## EXTRACTED DATA
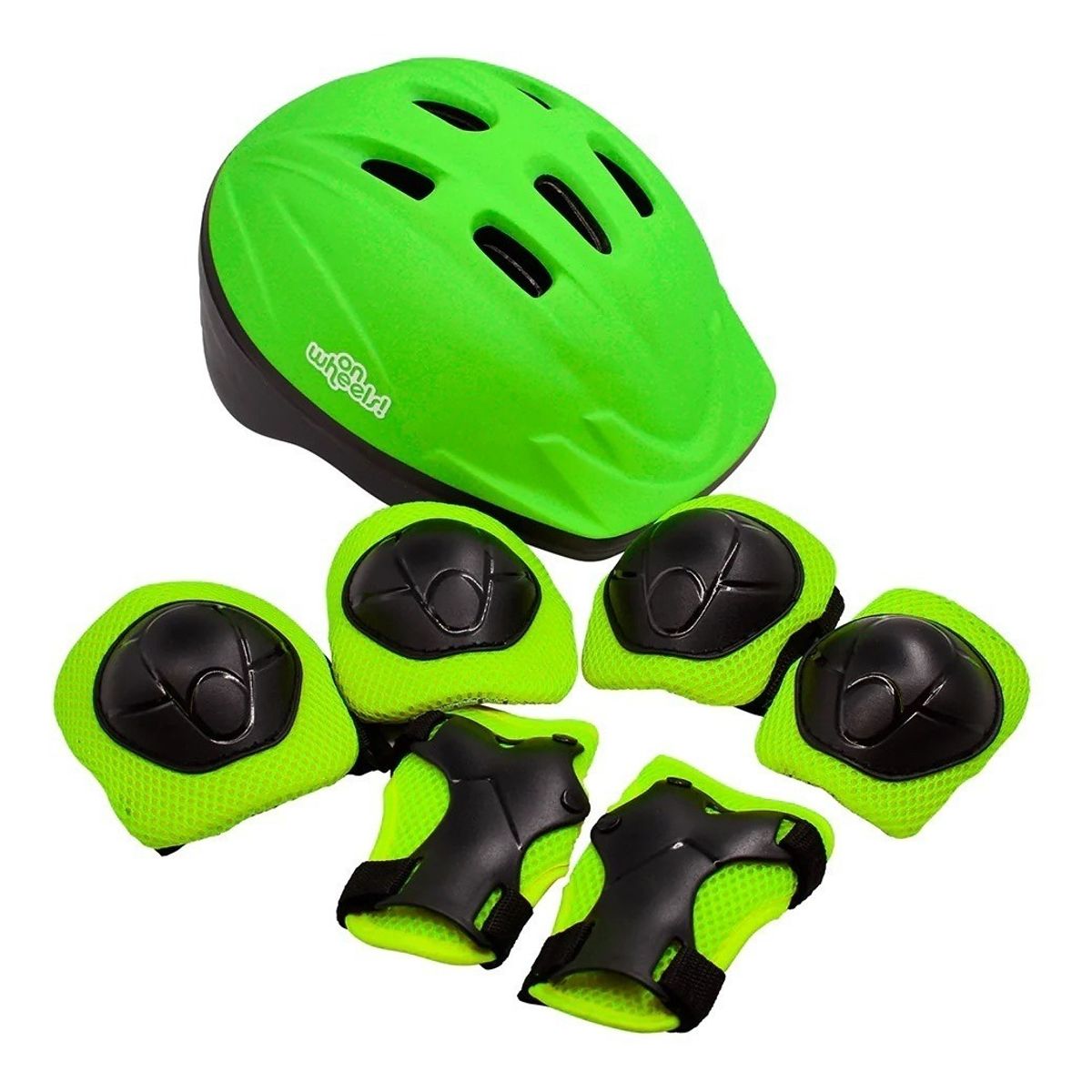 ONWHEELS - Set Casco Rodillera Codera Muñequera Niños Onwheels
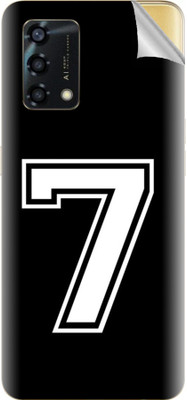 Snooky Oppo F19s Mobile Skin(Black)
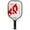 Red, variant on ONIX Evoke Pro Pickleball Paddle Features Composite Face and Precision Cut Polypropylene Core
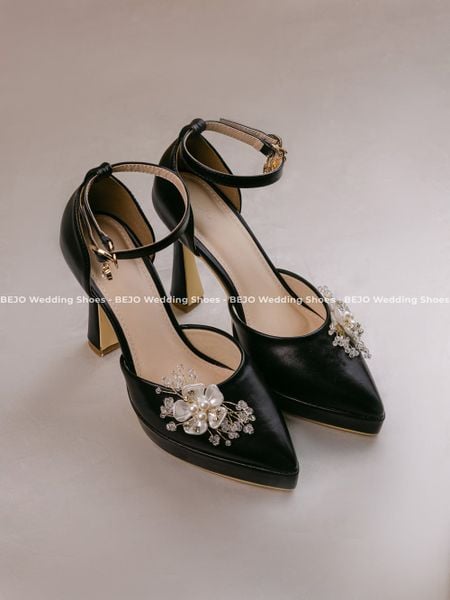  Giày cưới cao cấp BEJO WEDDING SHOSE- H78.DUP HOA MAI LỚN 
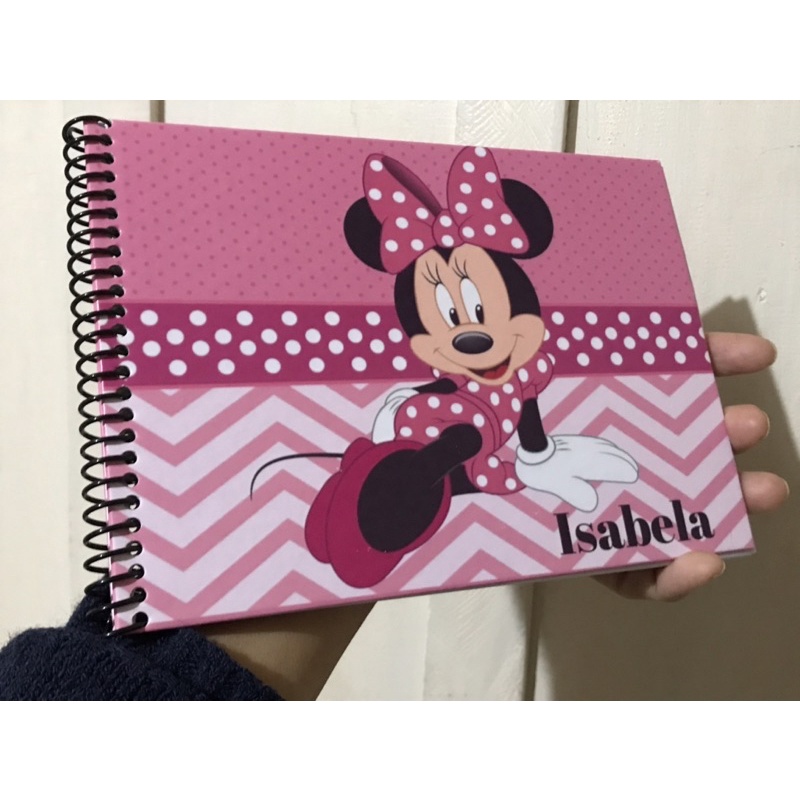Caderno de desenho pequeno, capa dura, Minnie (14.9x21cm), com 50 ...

## WHAT THE EXERCISE ASKS
Retype the records exactly. Any image in them should not appear in what you write.

## PROBLEM SOLUTION
 ONWHEELS - Set Casco Rodillera Codera Muñequera Niños Onwheels
 Snooky Oppo F19s Mobile Skin(Black)
 Red, variant on ONIX Evoke Pro Pickleball Paddle Features Composite Face and Precision Cut Polypropylene Core
  Giày cưới cao cấp BEJO WEDDING SHOSE- H78.DUP HOA MAI LỚN 
Caderno de desenho pequeno, capa dura, Minnie (14.9x21cm), com 50 ...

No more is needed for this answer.